What is needed >>
Note the line containing "Baseball T-Shirt Life"; from it through the last line below, give only those lines again, exactly, both ends included, skipping pictures.

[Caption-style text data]
------------

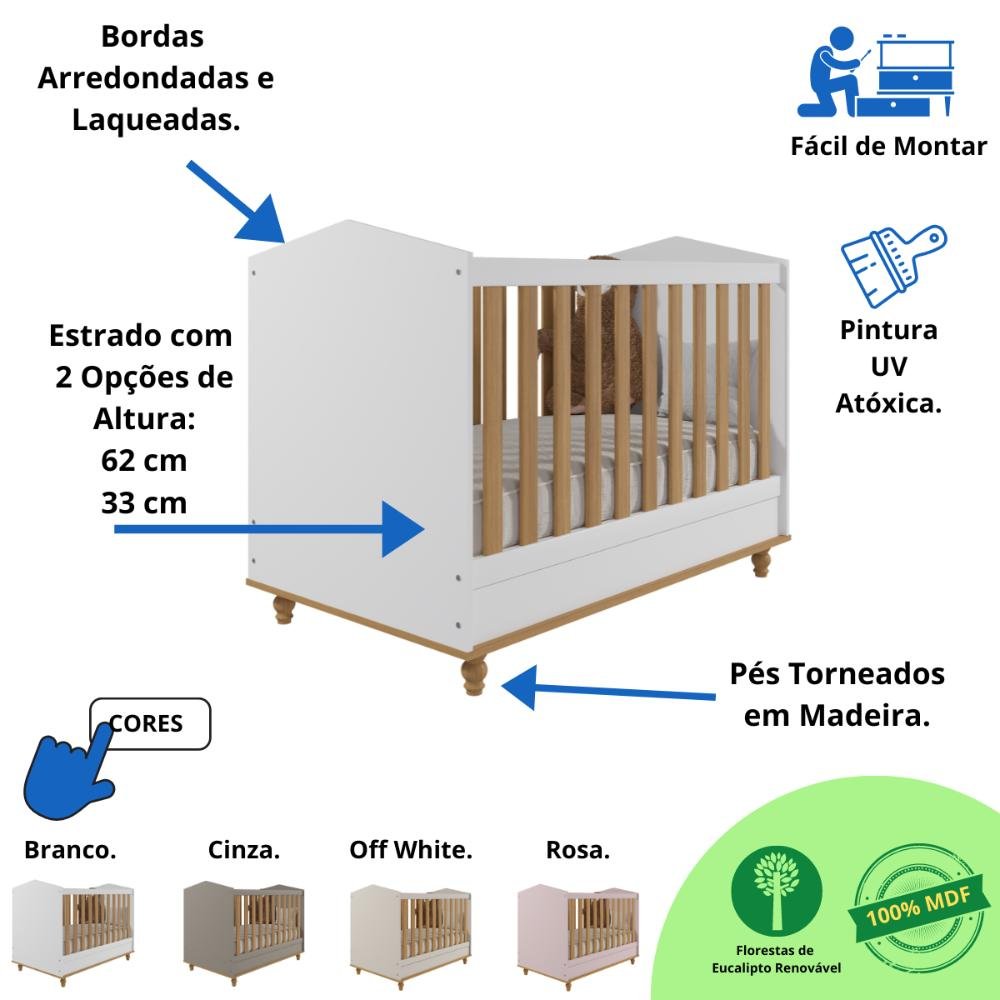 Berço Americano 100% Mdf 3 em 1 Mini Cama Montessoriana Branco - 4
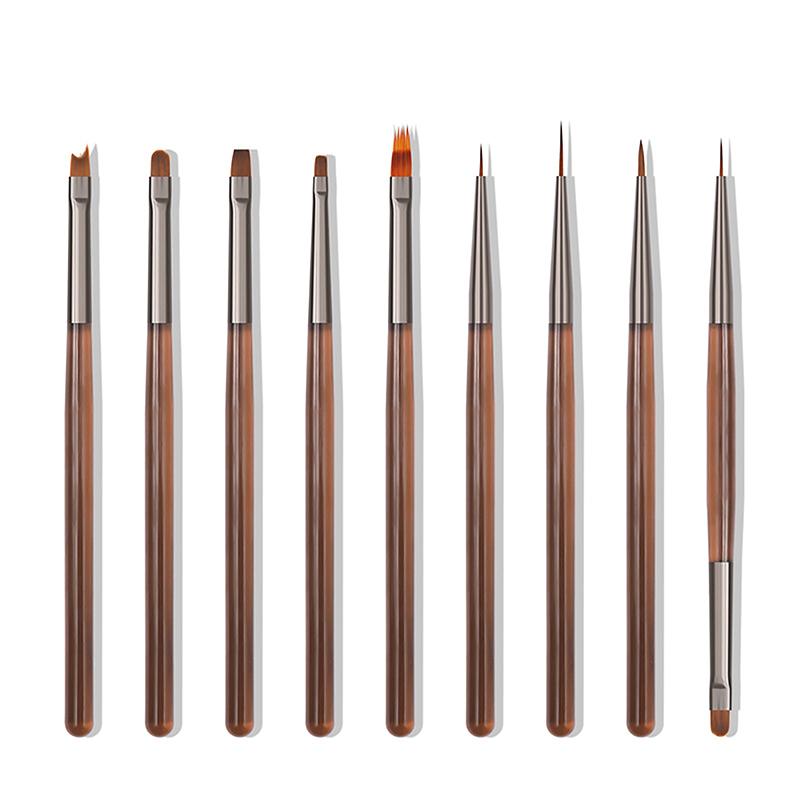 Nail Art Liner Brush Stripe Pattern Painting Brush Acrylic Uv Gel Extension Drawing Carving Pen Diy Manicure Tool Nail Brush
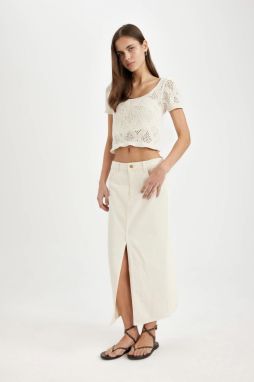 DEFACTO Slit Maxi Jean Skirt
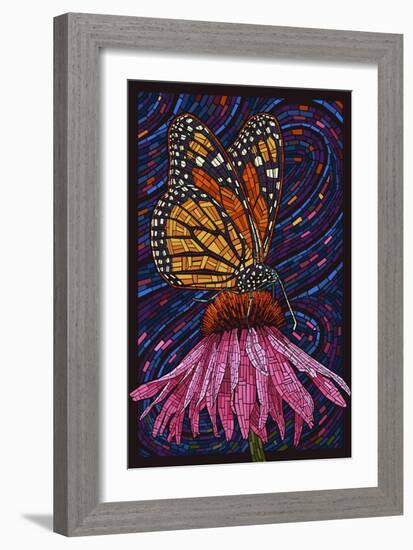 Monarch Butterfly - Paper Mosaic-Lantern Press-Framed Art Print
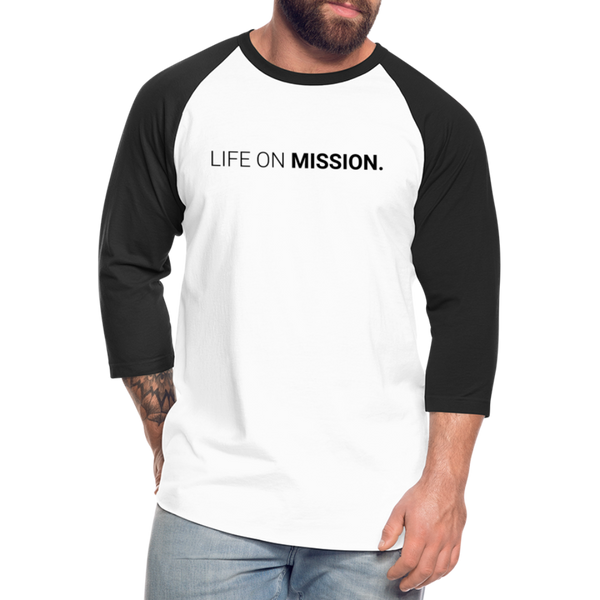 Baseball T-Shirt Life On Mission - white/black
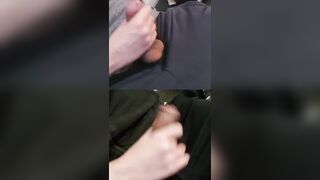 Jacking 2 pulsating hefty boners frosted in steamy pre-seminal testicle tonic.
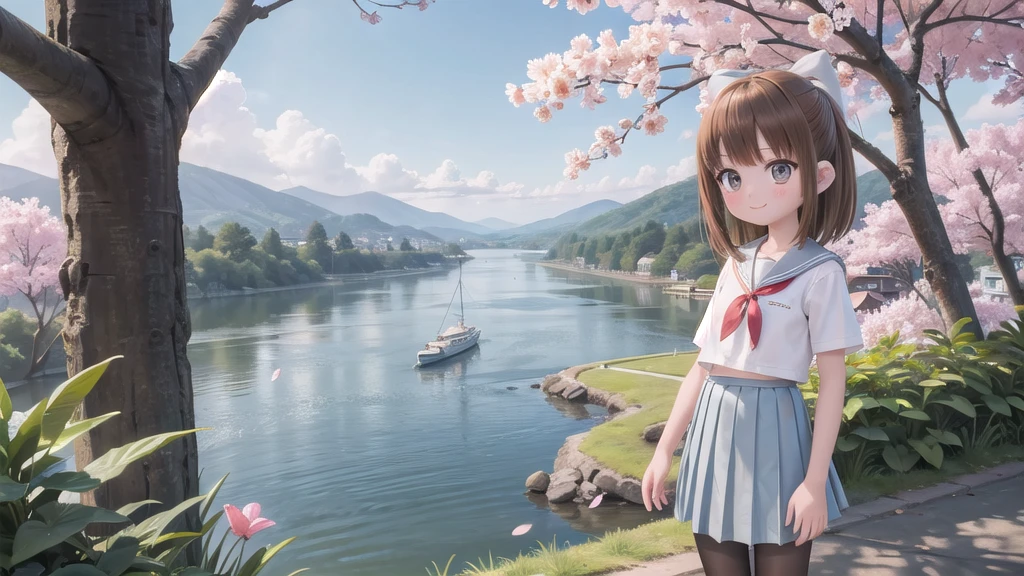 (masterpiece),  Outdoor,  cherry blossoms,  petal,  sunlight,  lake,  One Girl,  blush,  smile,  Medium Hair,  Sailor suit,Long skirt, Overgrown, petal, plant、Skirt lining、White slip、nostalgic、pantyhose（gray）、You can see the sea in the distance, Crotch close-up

------------

Solution for this task >>
 Baseball T-Shirt Life On Mission - white/black
 Jacking 2 pulsating hefty boners frosted in steamy pre-seminal testicle tonic.
 (masterpiece),  Outdoor,  cherry blossoms,  petal,  sunlight,  lake,  One Girl,  blush,  smile,  Medium Hair,  Sailor suit,Long skirt, Overgrown, petal, plant、Skirt lining、White slip、nostalgic、pantyhose（gray）、You can see the sea in the distance, Crotch close-up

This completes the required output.